We are quickly closing in on the end of the week and it’s been a pretty big one in the biotechnology space for a whole host of reasons. The FDA scored a record number of approvals for the year with a trio of unexpected, early green lights and some of the biggest names in the sector have put out data indicative of success in late-stage trials.
As we kick off the session on Thursday, then, here’s a look at which companies are moving, why they are moving and – in our opinion – where they are moving to next.
The two companies in focus for the session today are AbbVie (NYSE:ABBV) and Aeterna Zentaris Inc. (NASDAQ:AEZS).
Let’s hit the ground running with AbbVie.
So, this one is rooted in some trial data that hit press mid-session on Wednesday. Specifically, the company put out data from a phase III trial of one if its lead development assets, a drug called upadacitinib, or ABT-494. The drug is targeting an indication of patients with moderate to severe rheumatoid arthritis (RA) and, specifically, those patients in this population that haven’t shown a response to treatment with methotrexate, which is the first line drug in this space. The drug is what’s called a JAK1 inhibitor and it has the potential to be a real blockbuster (so, more than $1 billion in annual revenues but potentially up to $3.5 billion according to company expectations) if it picks up a regulatory green light on the back of the data that just hit press.

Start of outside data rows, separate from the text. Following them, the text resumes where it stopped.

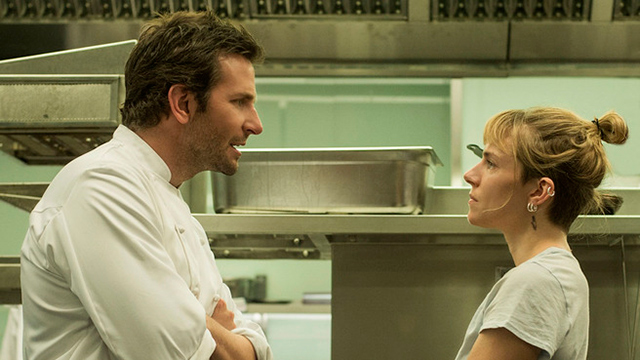 Кадр из фильма «Шеф Адам Джонс» Высокая кухня: Сиенна Миллер о съемках фильма "Шеф Адам Джонс" (фото 3)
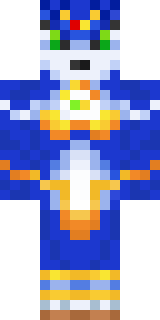 Скин Майнкрафт Игрока PopeSnom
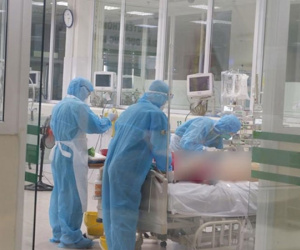 Một ca bệnh Covid-19 ở Phú Yên tử vong trên nền tai biến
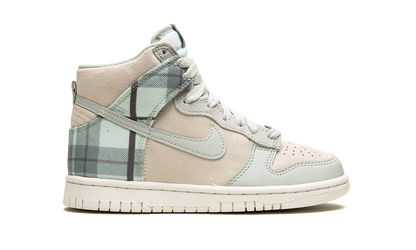 Dunk High GS "Plaid - Summit White" DV1724 100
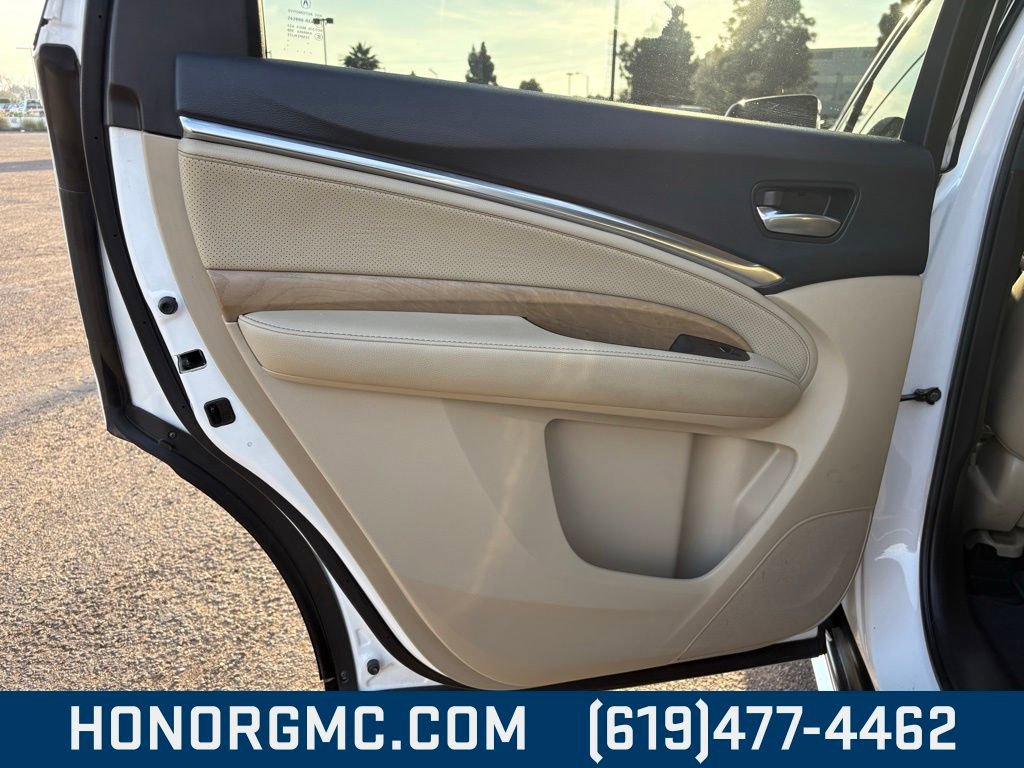 Used 2020 Acura MDX FWD w/ Technology Package image 18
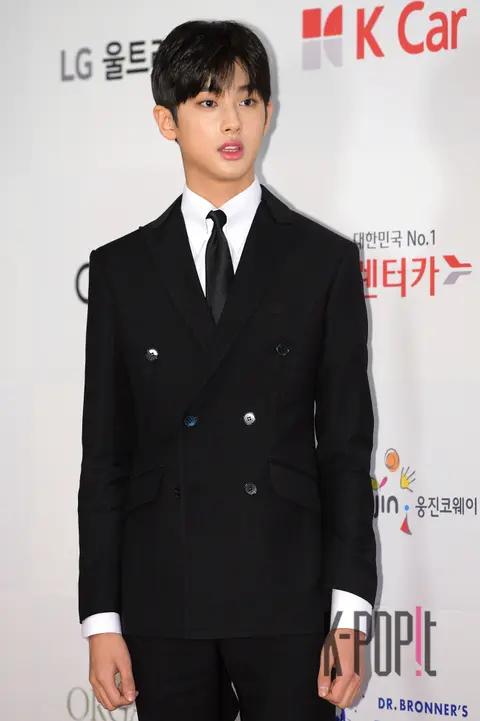 Kim Min-gyu — Korea First Brand Awards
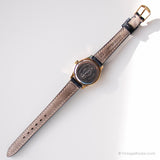 Mathey vintageTissot Mecánico reloj | Tono dorado reloj para ella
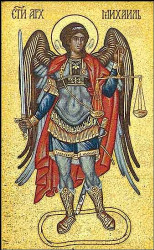 mikica 
 Свети Архангел Михаило +++ Saint Archangel Michael 
2007-11-21 18:27:54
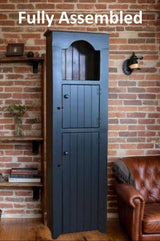 pantry cabinet, kitchen cabinet, Amish handmade, book shelf, storage, fireplace cabinet, living room , living room storage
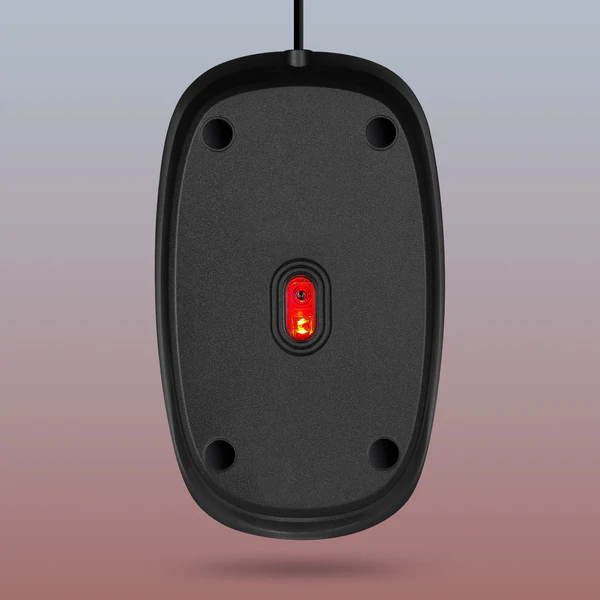 Zebronics Wired Mouse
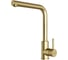 Смеситель для кухни Paulmark TWIN, светлое золото Tw213622-LG 1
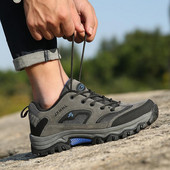 Férfi alkalmi cipő fűzővel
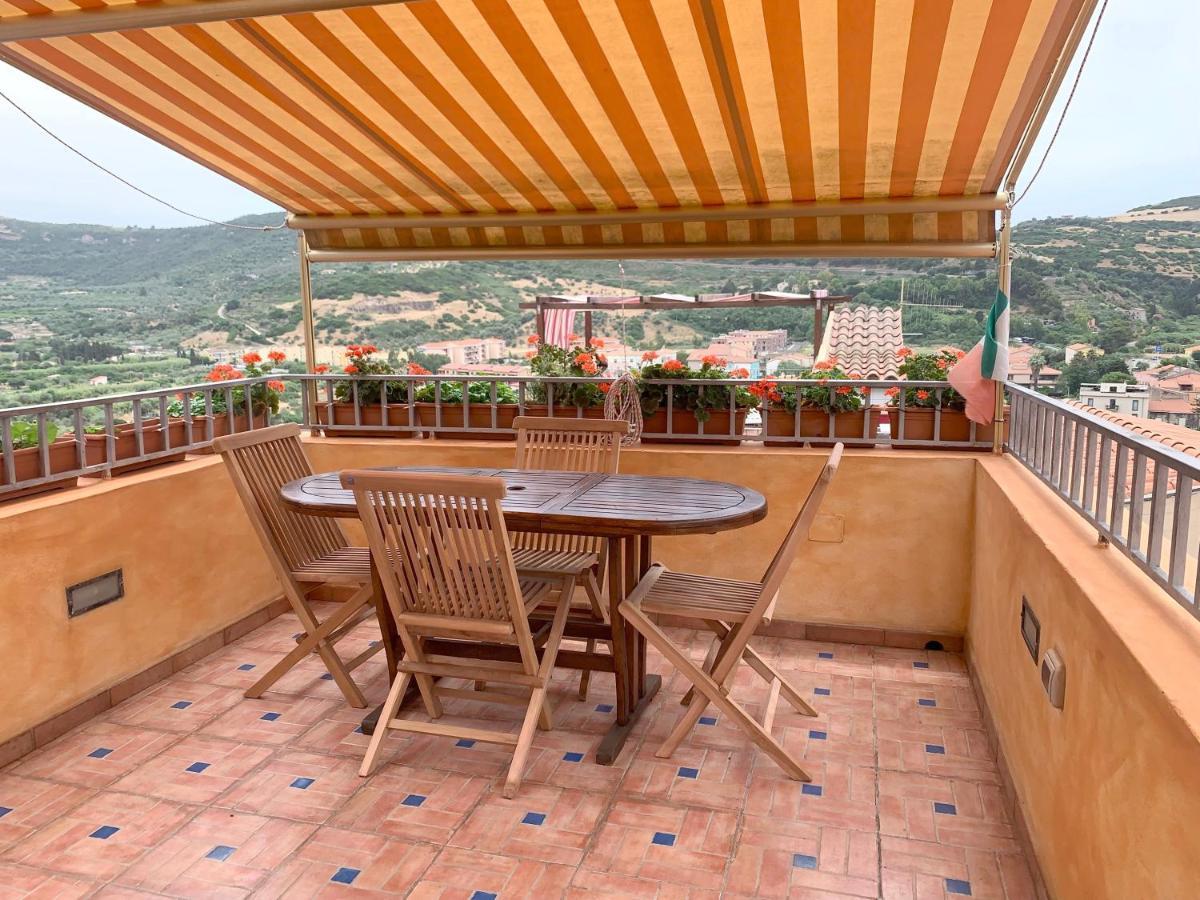 Casa Muruidda Di Mario Stara Bosa Dış mekan fotoğraf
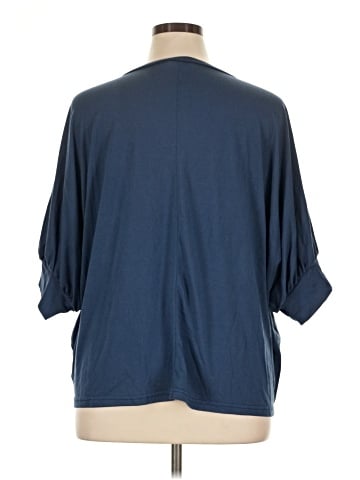 Suzanne Betro 3/4 Sleeve T-Shirt (view 2)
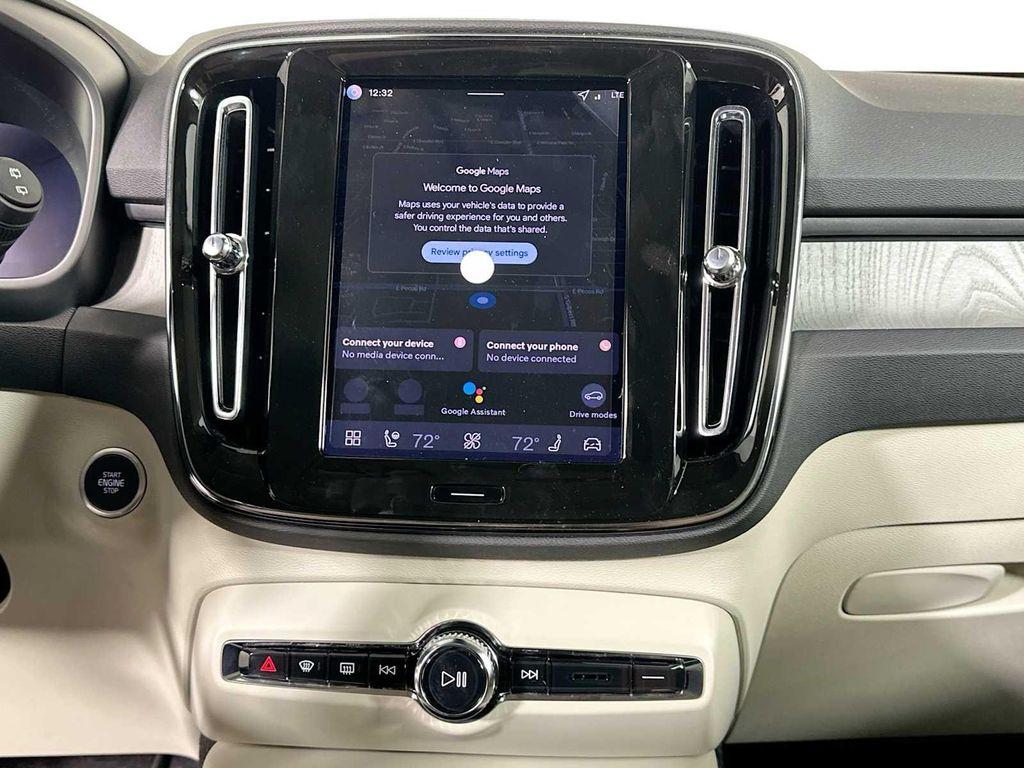 new 2026 Volvo XC40 car, priced at $50,150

So what did the numbers tell us?
Well, from an efficacy perspective, things look pretty good. The trial met its primary endpoint and a host of key secondary endpoints. At week 14, 68/42/23 percent of patients switched to 15 mg once-daily upadacitinib and 71/52/33 percent of patients switched to 30 mg once-daily upadacitinib achieved an ACR20/50/70 response, compared to 41/15/3 percent respectively of patients continuing methotrexate.

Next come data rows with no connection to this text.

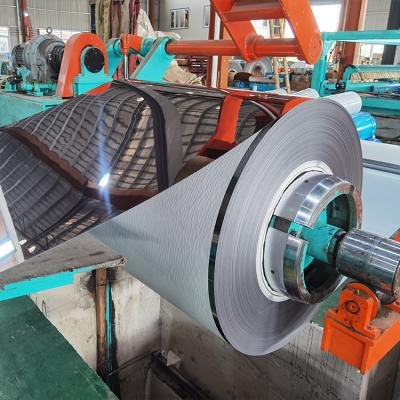 AISI SUS 304l SS439 0.4mm-10mm Stainless Steel Coil Half Hard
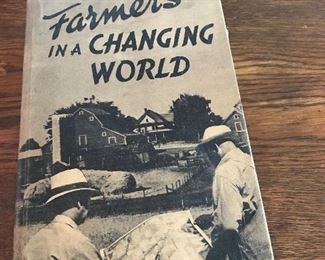 1940 yearbook for farmers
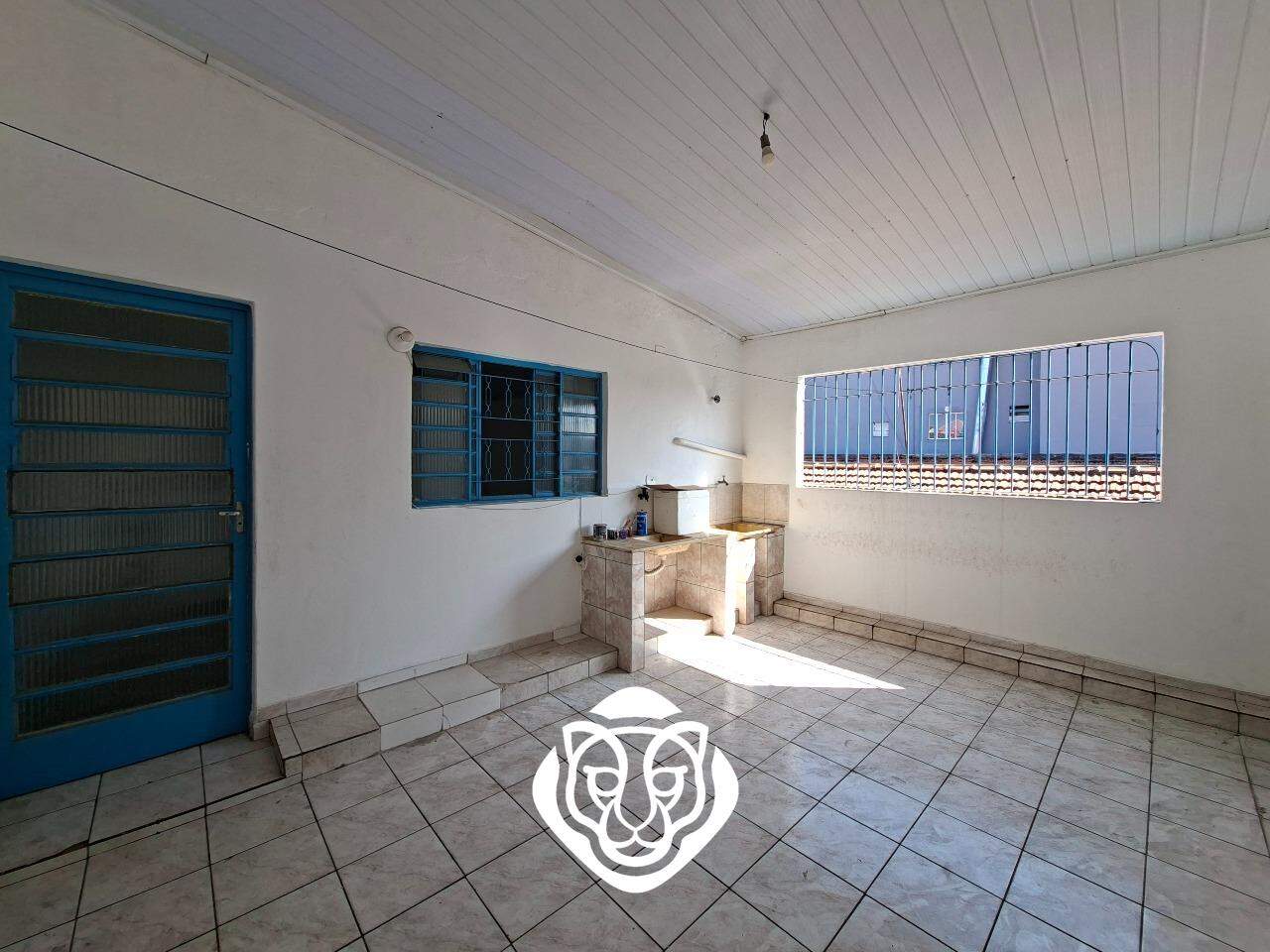 Área de serviço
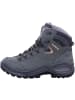 LOWA Outdoorschuhe RENEGADE EVO GTX MID Ws in graphit/aprikose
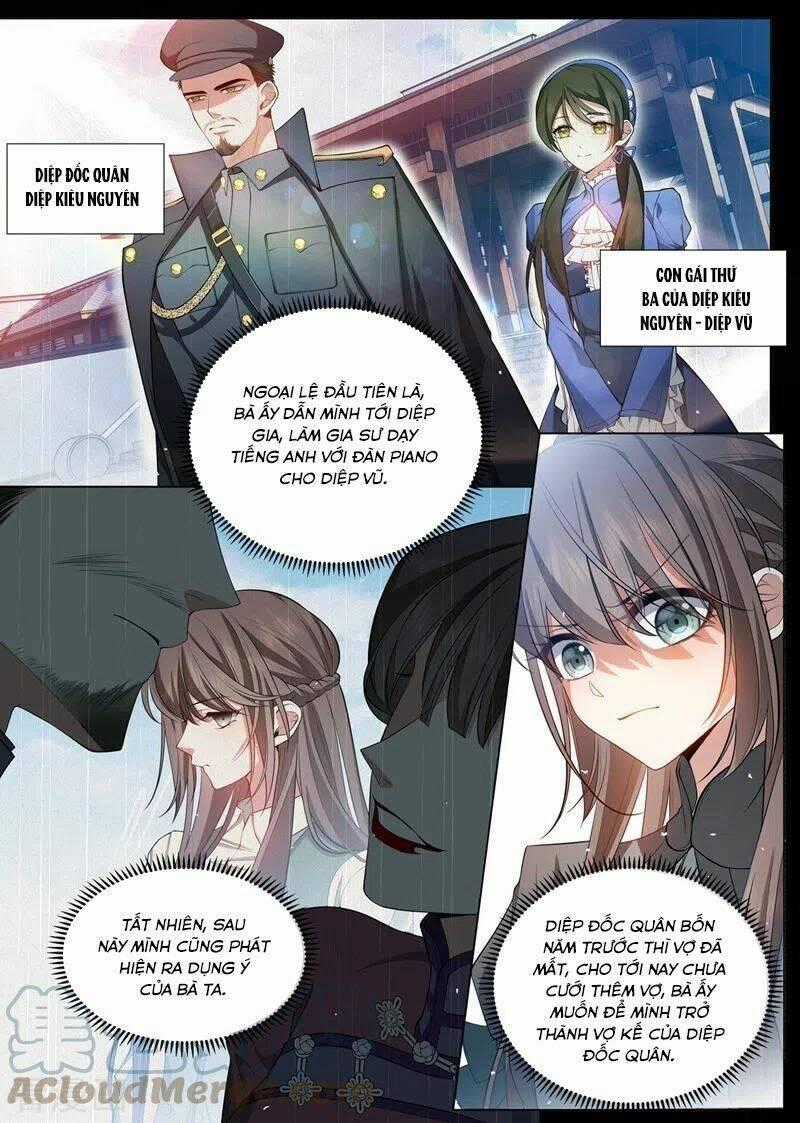 Thiếu Soái! Vợ Ngài Lại Bỏ Trốn Chapter 459.1 trang 1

From a safety perspective, however, things don’t look quite as rosy. One patient died on the trial of a hemorrhagic stroke caused by a ruptured aneurysm, though said patient reportedly had some pre-existing cardiovascular risk factors. Additionally, there was also one event of pulmonary embolism (PE) in the study, again in a patient with pre-existing risk factors, but this time for PE.
So what’s next?
There are six of these trials set to complete before submission and this was the third, so more data is set to hot press throughout early 2018 related to this program. When this data comes in, we’ll get a clearer indication of exactly what the AE rate might mean for the program’s chances of success.

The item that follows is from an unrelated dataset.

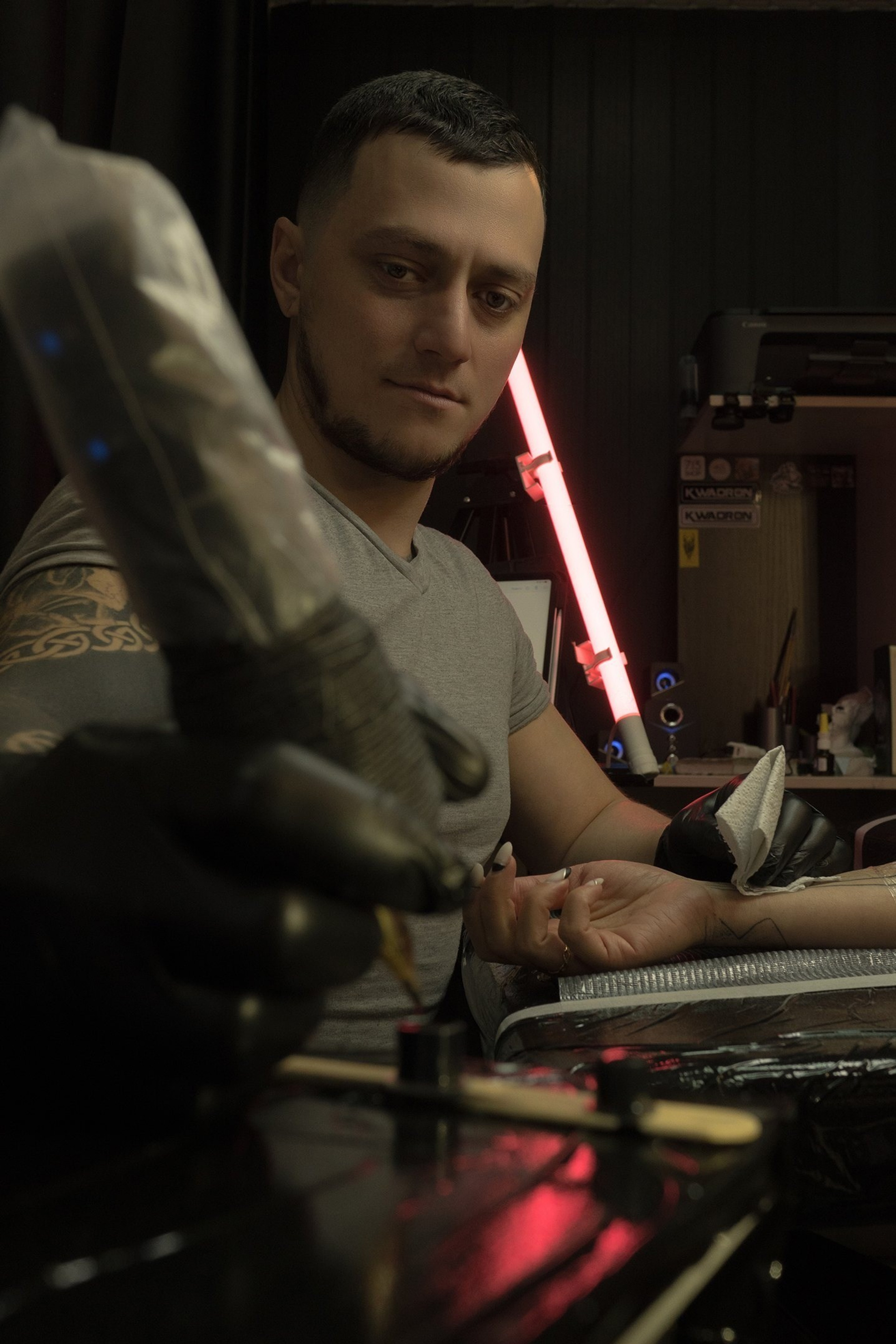 Отзывы. Фотограф Гатчина Андрей Усандро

Moving on, Aeterna Zentaris.
This one is rooted in a regulatory approval (yes, another one) that was announced after hours on Wednesday. The company put out the news yesterday evening detailing the FDA’s green light for a drug called Macrilen, or macimorelin, which is designed to be used in the diagnosis of patients with adult growth hormone deficiency (AGHD). The drug is what’s called an orally available ghrelin agonist and it’s designed to stimulating a patient’s growth hormone (GH) secretion. After this stimulation, the patient is then assessed for levels of GH and, if they remain low post-stimulation, it’s confirmation that they are suffering from AGHD. Once confirmation of this diagnosis is in place, the patient can then be prescribed standard of treatment for the indication.
Right now, the SOC is what’s called an insulin tolerance test (ITT) and there are somewhere around 40,000 of these tests carried out each year. Macrilen has some real advantages over ITT, however, not least the fact that it’s an oral administration asset so the patient doesn’t have to risk IV, and Aeterna thinks it can quickly pick up at least 50% of the market on the back of its advantages of SOC.
The drug should hit the shelves at some point during the first quarter of next year and – as per analyst estimates – is looking at annual peak sales somewhere in the region of $70 million.
As expected, Aeterna is climbing on the news, trading up around 60% after hours on Wednesday. We expect this climb to continue heading into normal participation today.